The Simple Things

Last night for 12 hours we were without water to our home. It was a hassle. I couldn’t shower, the dirty clothes needed to wait and I couldn’t have my evening cup of tea. This was an inconvenience, not a disaster.

I wasn’t well last night. I felt thick headed, my mouth was dry, I was nauseous and I needed to use the bathroom…

The little things like turning on a tap are what get to us. A few years ago I would regularly go camping for the odd conference. These camping trips were well organised with stand-pipes dotted about for supplying water and an ablutions block. But for cooking I had to fetch water. I would walk from my tent site to the tap nearest, which always felt like a trek, fill a couple of 25 litre jerry cans and walk back. That would do me for the day’s cooking, washing (don’t like to shower on camp) and drinking water. Some campers had mobile homes with fitments allowing them to drive to the tap and fill water butts with enough water for the whole weekend. Some made several trips a day because they had smaller containers.

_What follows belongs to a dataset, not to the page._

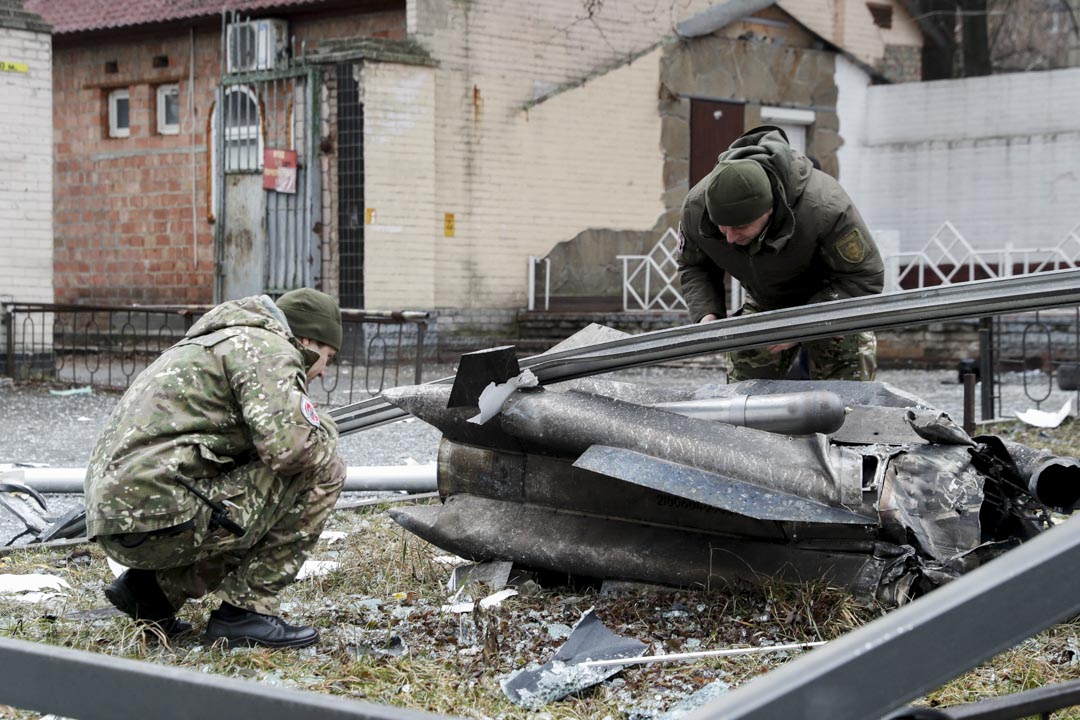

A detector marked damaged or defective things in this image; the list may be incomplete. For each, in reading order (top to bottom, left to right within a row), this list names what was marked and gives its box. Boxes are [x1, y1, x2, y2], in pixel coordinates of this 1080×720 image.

broken fence [0, 302, 430, 408]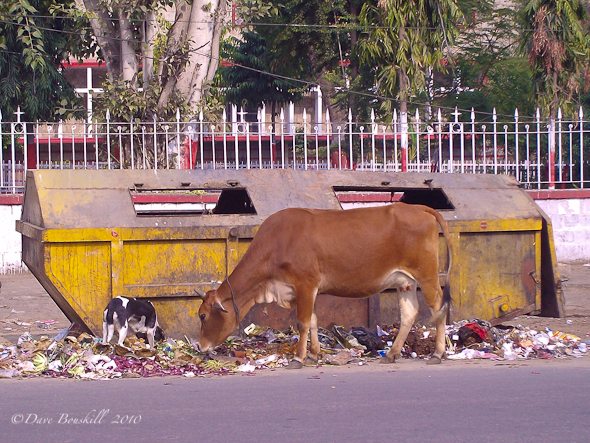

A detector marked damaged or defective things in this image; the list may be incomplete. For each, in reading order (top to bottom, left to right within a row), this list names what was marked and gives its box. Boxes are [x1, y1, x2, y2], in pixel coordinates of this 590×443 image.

rusted dumpster [17, 168, 564, 338]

Overnight last night I was reminded of this as I went and pumped water from the wellpoint in the garden (sulphurous and very much NOT drinking water) into jerry cans again for the toilet cysterns in the house. It struck me that this simple luxury we take for granted is an absolute necessity we cannot do without.

Water.

Jesus didn’t stand up and announce that He was the living egg and chips. He didn’t reveal himself to be the beer of life. Water. Simple water.

We cannot live more than a couple of days without water. Spiritually we need to be filled constantly with the Living Water of Jesus’ Spirit. Why? Because we leak.

Imagine taking a nail and driving it through a 25 litre container about an inch from the bottom and leaving it there. Then fill the can with water. You might not notice immediately, but the water immediately begins to flow out of the hole. The pressure from the air surrounding it forces the water out. Gradually the water all drains out until it reaches the level of the nail, and it levels off there. You can’t stop the flow on a camp site, you need to simply return to the source and top up. Regularly.

Spiritually it’s no different.

Top up or dry up. And Sundays aren’t enough alone. We don’t drive big mobile homes with enough storage space for weeks at a time. But we do have a link to the source. What we need to do is to plug ourselves into the source and we can keep going back as often as we need – that tap never dries out.

Jesus would withdraw from the disciples and go alone to pray. He needed to top up. If Jesus needed to, how much more do we.